In the Divine Comedy, Dante Alighieri lists Gluttony among other deadly sins for which conscious humanity must be wary lest we be mired in Hades. Gula (Gluttony), Superbia (Pride), Avarita (Avarice/Greed), Luxuria (Lust), Invida (Envy), Ira (Wrath) and Acedia (sloth) – the seven deadly sins – have been at the core of moral criticism since Dante.

One of the 19th century’s most notable moral philosophers, the Russian Bishop Ignatius Brianchaninov wrote, “Wise temperance of the stomach is a door to all the virtues. Restrain the stomach, and you will enter Paradise. But if you please and pamper your stomach, you will hurl yourself over the precipice of bodily impurity, into the fire of wrath and fury, you will coarsen and darken your mind, and in this way you will ruin your powers of attention and self-control, your sobriety and vigilance.” Gluttony is a deadly sin.

In the introductory epigram to this piece, I invoke the Restoration poet Dryden, poet of the Carolingian courts, who knew a thing or two about gluttony under the excess appetites of Charles II of England. “O gluttony, it is to thee we owe our griefs” laments Geoffrey Chaucer. Gluttony and Greed are Siamese twins.

In the “Pardoner’s Tale,” Chaucer says, “Radix Malorum est cupiditas” – greed is the root of all evils. But why do I speak of these matters today in the “Orbit”? Just this: greed and gluttony seems to be behind the budget proposal submitted to the National Assembly for the funding of the State House in 2013.

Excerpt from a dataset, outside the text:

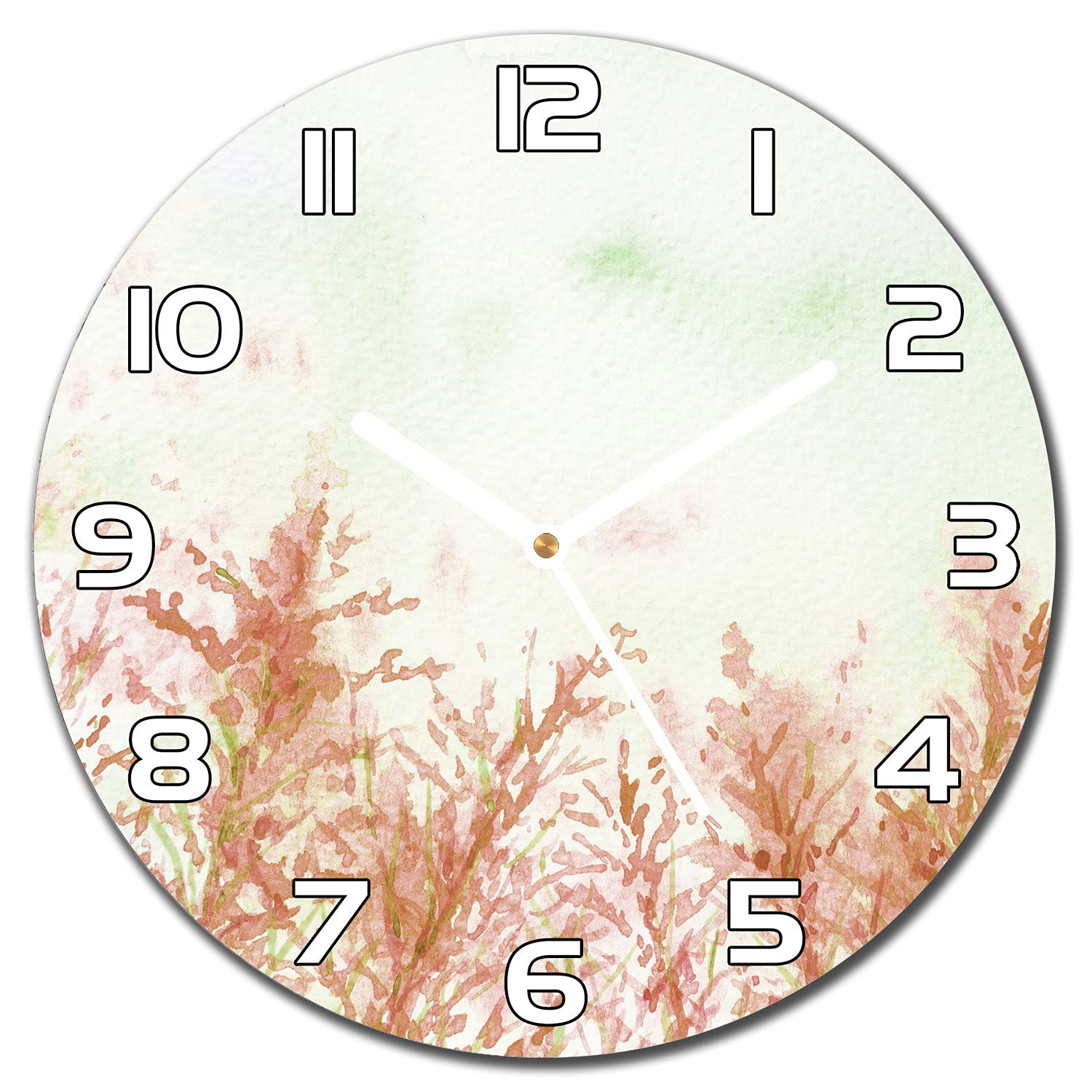 Horloge murale cuisine lisible et silencieuse en verre trempé fleurs abstraites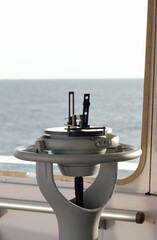 Gyro compass repeater on board cargo ship © I am from Mykolayiv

Let me confess that I personally have not yet understood the relationship between the Presidency, which once was known as the Cabinet office and which came under the administrative authority of a Cabinet Secretary as its Permanent Secretary in the nation’s administrative services, and the current office of Permanent Secretary for the state house.

Is the State House a full ministry these days, or are we dealing with one of those uniquely Nigerian forms of idiocy, where we duplicate and over burden the administrative system? Aso Rock or the Office of the President, can well be managed by a fully employed Chief of Staff to the President who may also be designated the Permanent secretary in the State House.